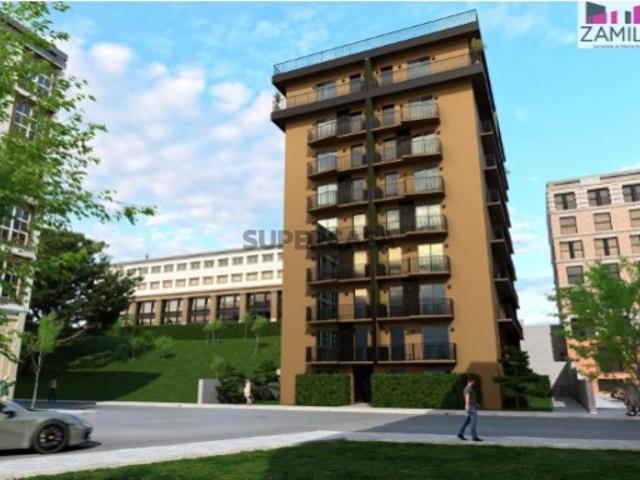 Apartamento T3 no Laranjeiro Laranjeyras Residence, C/ Ginásio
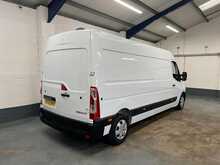 Renault Master Master 2.3 dCi 35 Business+ FWD LWB Medium Roof Euro 6 4dr - U866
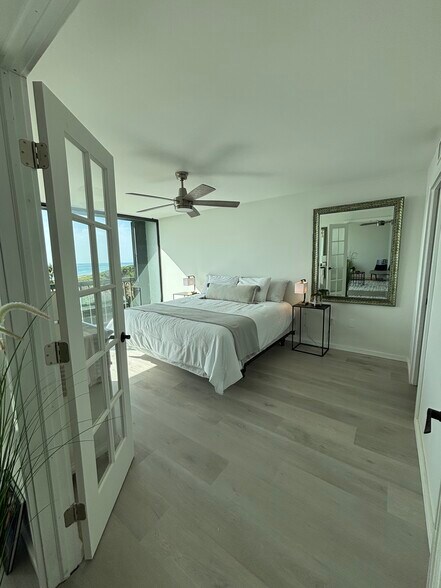 Building Photo - 8880 S Ocean Dr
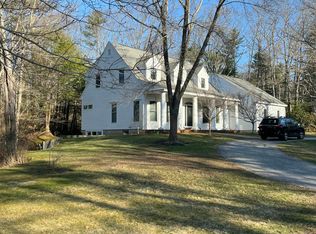 14 Stonegate Rd, Cape Elizabeth, ME 04107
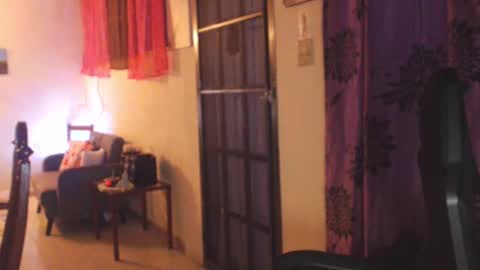 Snapshot of toni2814 chatting on January 5, 1:56 am Antonio online show from January 5, 1:56 am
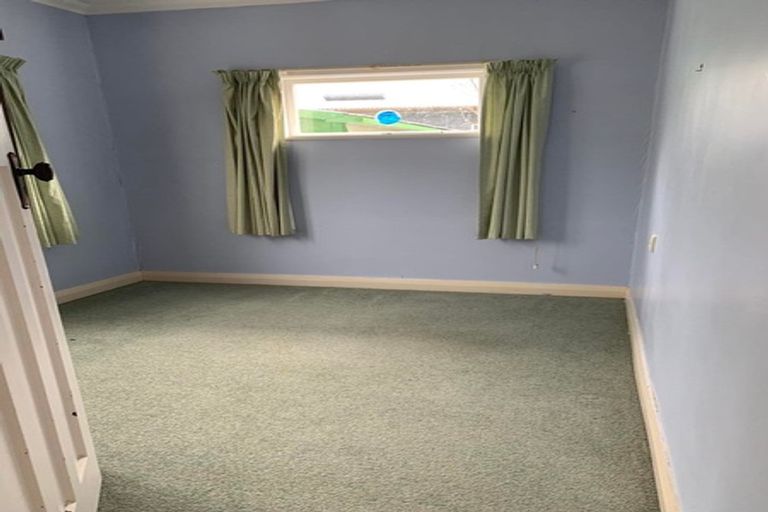 Photo of property in 11 Beaumont Avenue, Alicetown, Lower Hutt, 5010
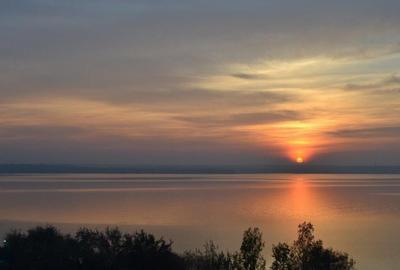 Apartament cu 3 camere decomandat, mobilat în Central - 1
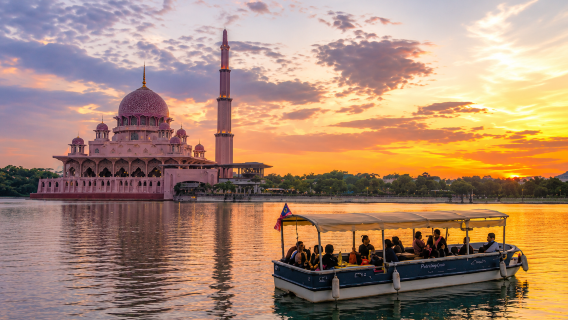 From Kuala Lumpur: Putrajaya Sunset Cruise & KL Night Tour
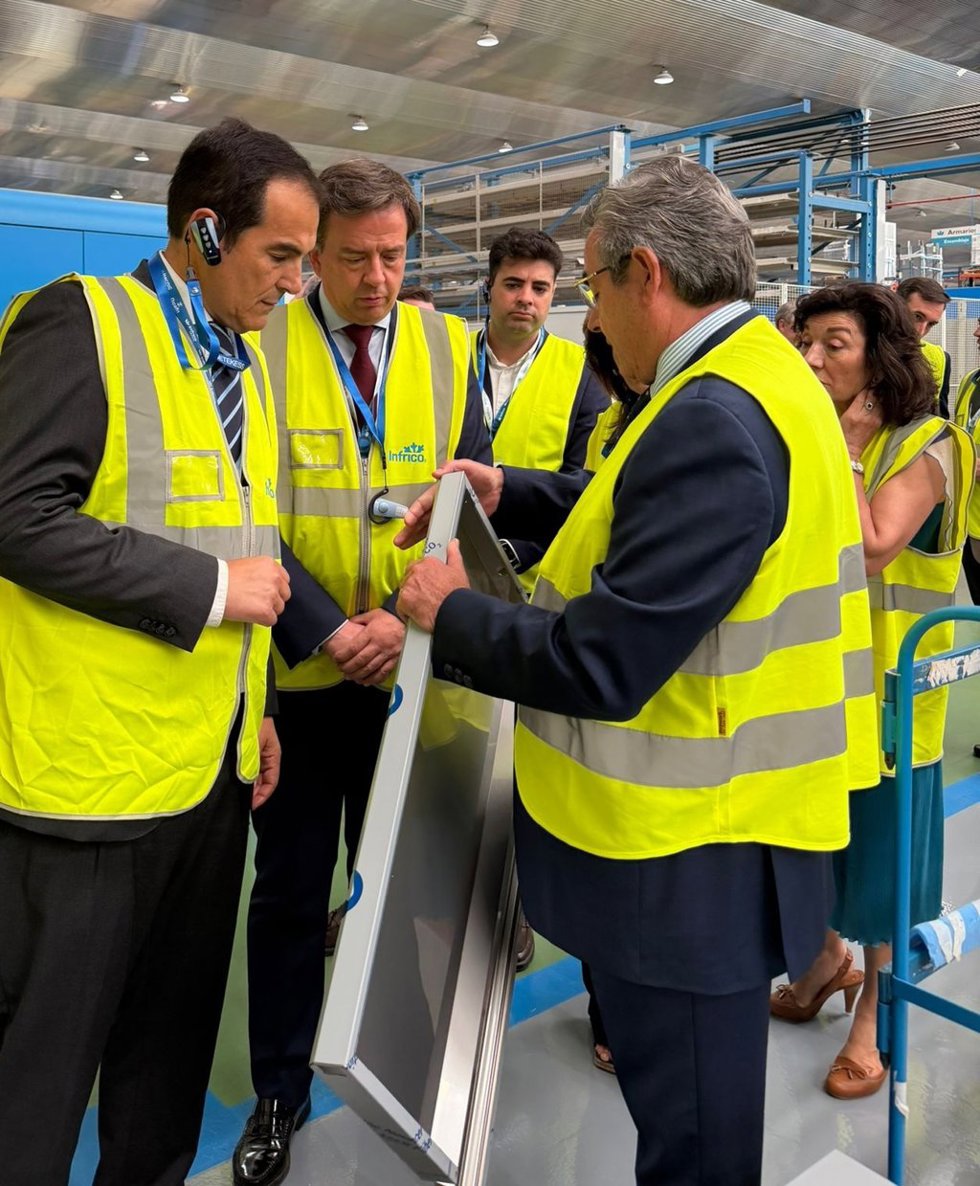 Nieto (izda.), durante su visita a las instalaciones de Infrico, en Lucena.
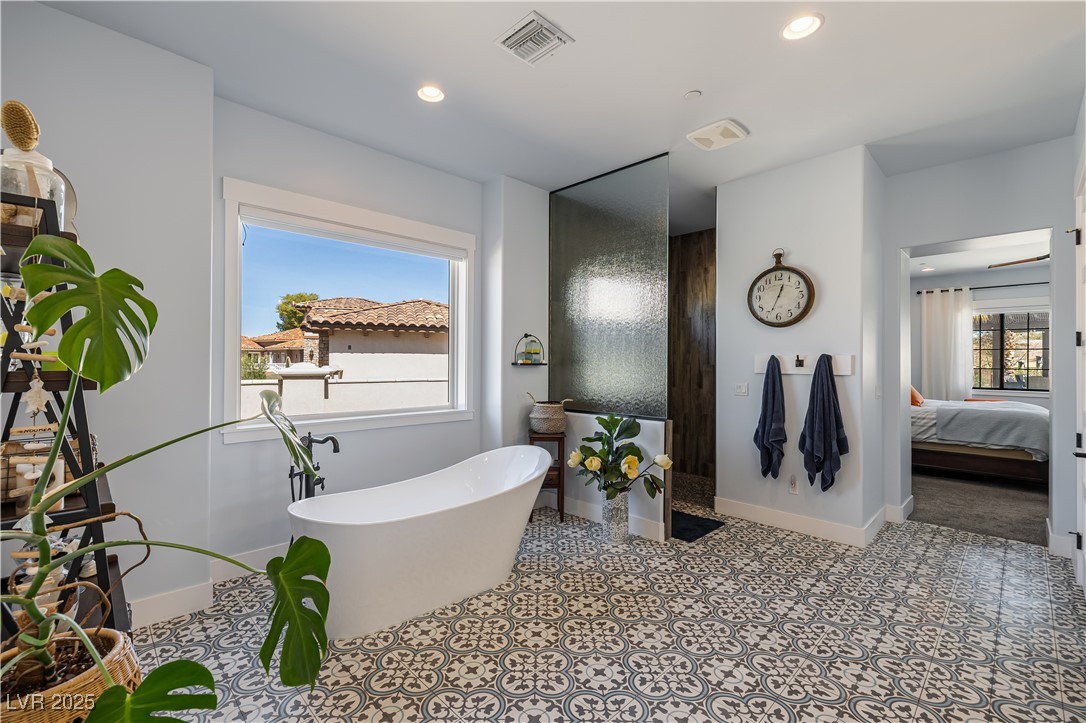 18 Grand Corniche Drive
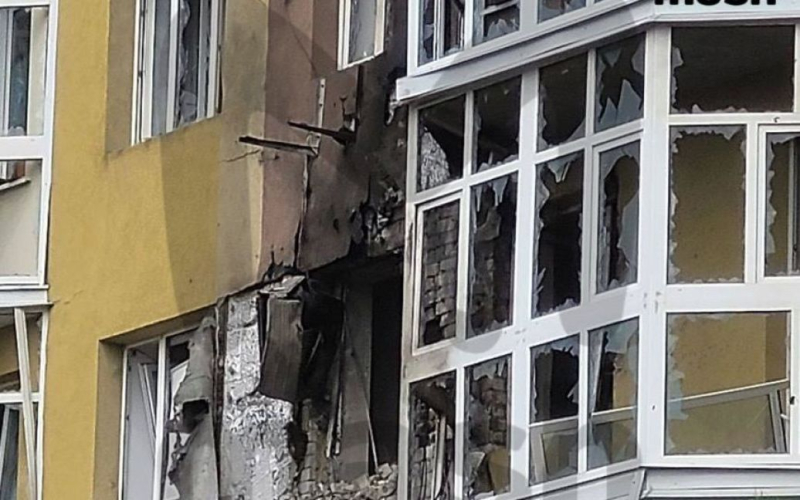 В Voronezh ruso, un dron se estrelló contra un edificio de gran altura (foto, video)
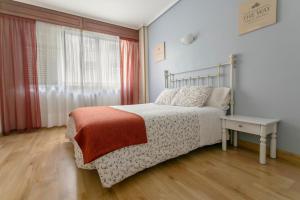sypialnia z łóżkiem, stołem i oknem w obiekcie Hotel América Ferrol w mieście Ferrol +36 zdjęć
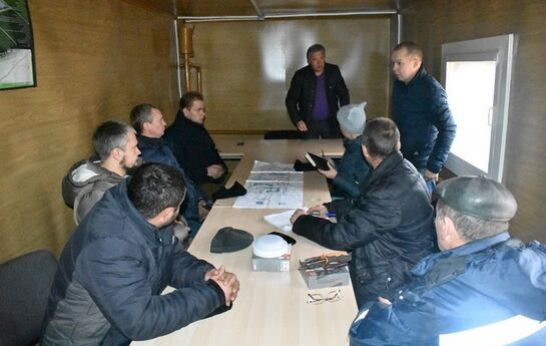 На месте строительства агропромышленного комплекса Вятского Посада прошло рабочее совещание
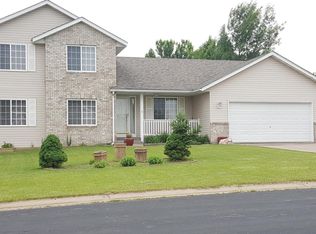 400 Durango Dr, Roberts, WI 54023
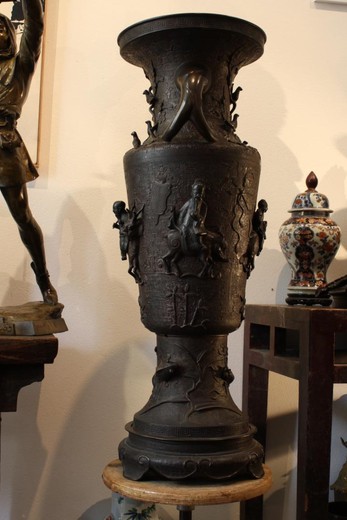 предметы XIX века, предметы интерьера и декора, предметы декора, старинные вазы, антикварные вазы, парные вазы, две антикварные вазы, антикварные вазы в восточном стиле, восточный стиль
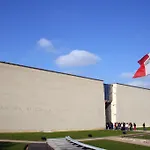 Sphinx Residences - Tempologis Memorial * Caen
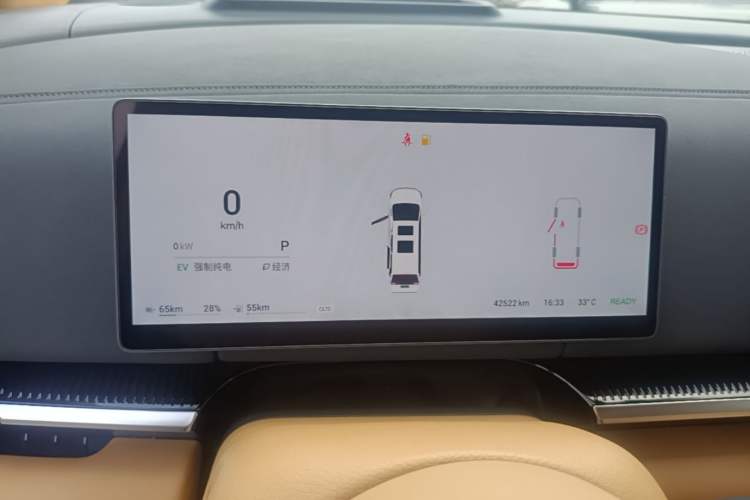 Used VOYAH Dream 2025 PHEV Four-Wheel-Drive Flagship Kunpeng Edition Instrument Cluster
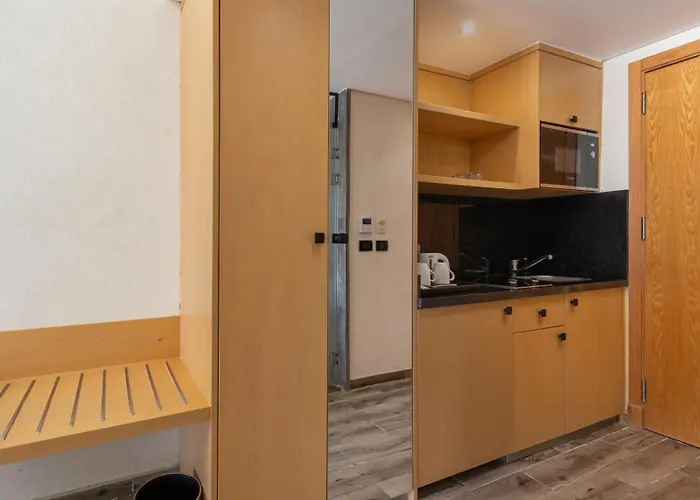 Creek And Residences מלון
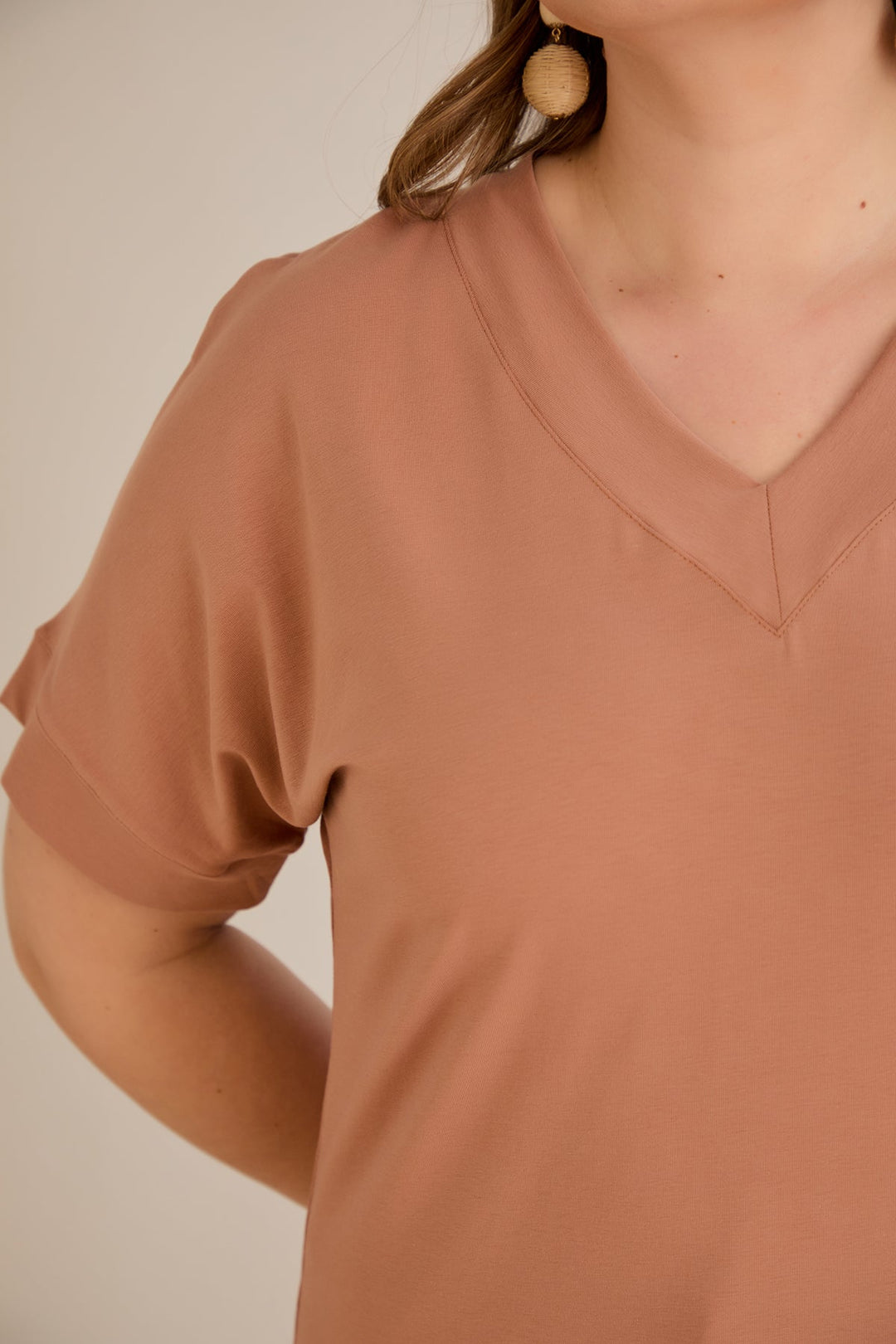 Pamučna majica s V-izrezom - karamel boja
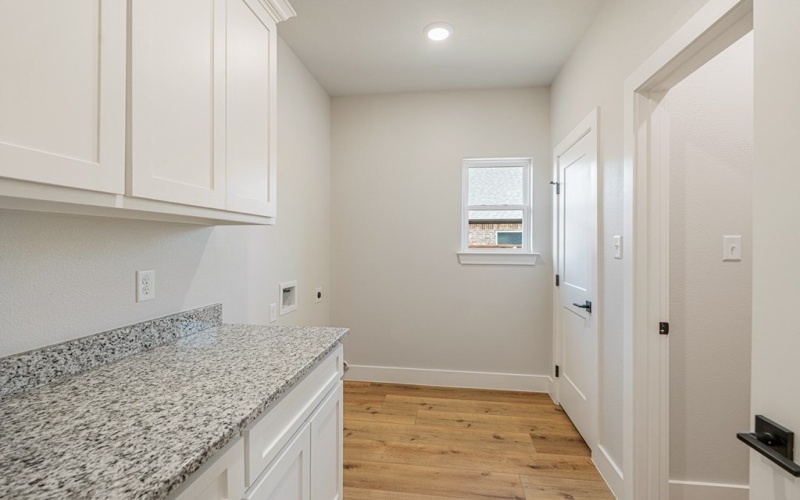 502 Limestone Cir, Mabank, TX 75147, 4 Habitaciones Habitaciones , ,3 BañosBaños,Residential,En Venta,502 Limestone Cir,0,109991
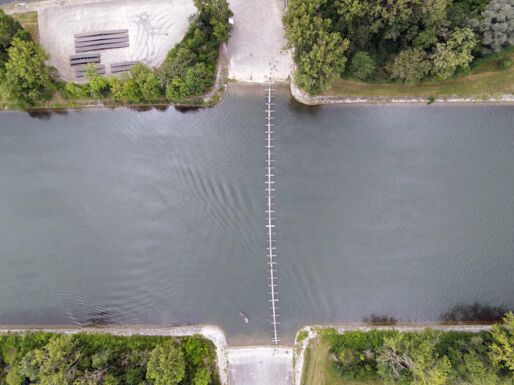 Der Schwimmsteg mit einer Gesamtlänge von 123 Metern auf der Donau aus der Luft.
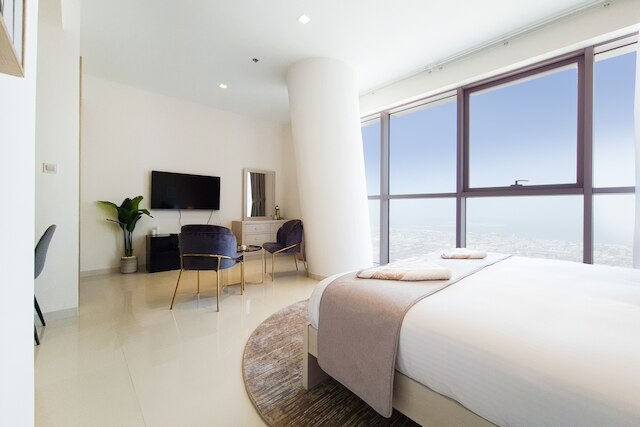 グリーンフューチャー - トレードセンターの豪華スタジオからの都心の眺望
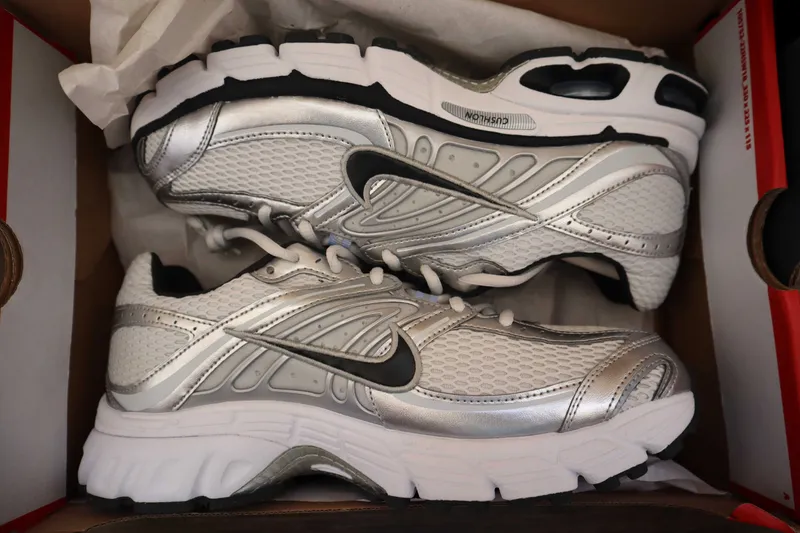 Мужские кроссовки Nike Air Max Moto 2K EUR 42.5 оригинал 6 Мужские кроссовки Nike Air Max Moto 2K EUR 42.5 оригинал 6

• **Work required**
Copy all the records word for word and keep the pictures out.

• **Written reply**
 Apartamento T3 no Laranjeiro Laranjeyras Residence, C/ Ginásio
 Renault Master Master 2.3 dCi 35 Business+ FWD LWB Medium Roof Euro 6 4dr - U866
 Building Photo - 8880 S Ocean Dr
 14 Stonegate Rd, Cape Elizabeth, ME 04107
 Snapshot of toni2814 chatting on January 5, 1:56 am Antonio online show from January 5, 1:56 am
 Photo of property in 11 Beaumont Avenue, Alicetown, Lower Hutt, 5010
 Apartament cu 3 camere decomandat, mobilat în Central - 1
 From Kuala Lumpur: Putrajaya Sunset Cruise & KL Night Tour
 Nieto (izda.), durante su visita a las instalaciones de Infrico, en Lucena.
 18 Grand Corniche Drive
 В Voronezh ruso, un dron se estrelló contra un edificio de gran altura (foto, video)
sypialnia z łóżkiem, stołem i oknem w obiekcie Hotel América Ferrol w mieście Ferrol +36 zdjęć
 На месте строительства агропромышленного комплекса Вятского Посада прошло рабочее совещание
 400 Durango Dr, Roberts, WI 54023
 предметы XIX века, предметы интерьера и декора, предметы декора, старинные вазы, антикварные вазы, парные вазы, две антикварные вазы, антикварные вазы в восточном стиле, восточный стиль
 Sphinx Residences - Tempologis Memorial * Caen
 Used VOYAH Dream 2025 PHEV Four-Wheel-Drive Flagship Kunpeng Edition Instrument Cluster
 Creek And Residences מלון
 Pamučna majica s V-izrezom - karamel boja
 502 Limestone Cir, Mabank, TX 75147, 4 Habitaciones Habitaciones , ,3 BañosBaños,Residential,En Venta,502 Limestone Cir,0,109991
 Der Schwimmsteg mit einer Gesamtlänge von 123 Metern auf der Donau aus der Luft.
 グリーンフューチャー - トレードセンターの豪華スタジオからの都心の眺望
 Мужские кроссовки Nike Air Max Moto 2K EUR 42.5 оригинал 6 Мужские кроссовки Nike Air Max Moto 2K EUR 42.5 оригинал 6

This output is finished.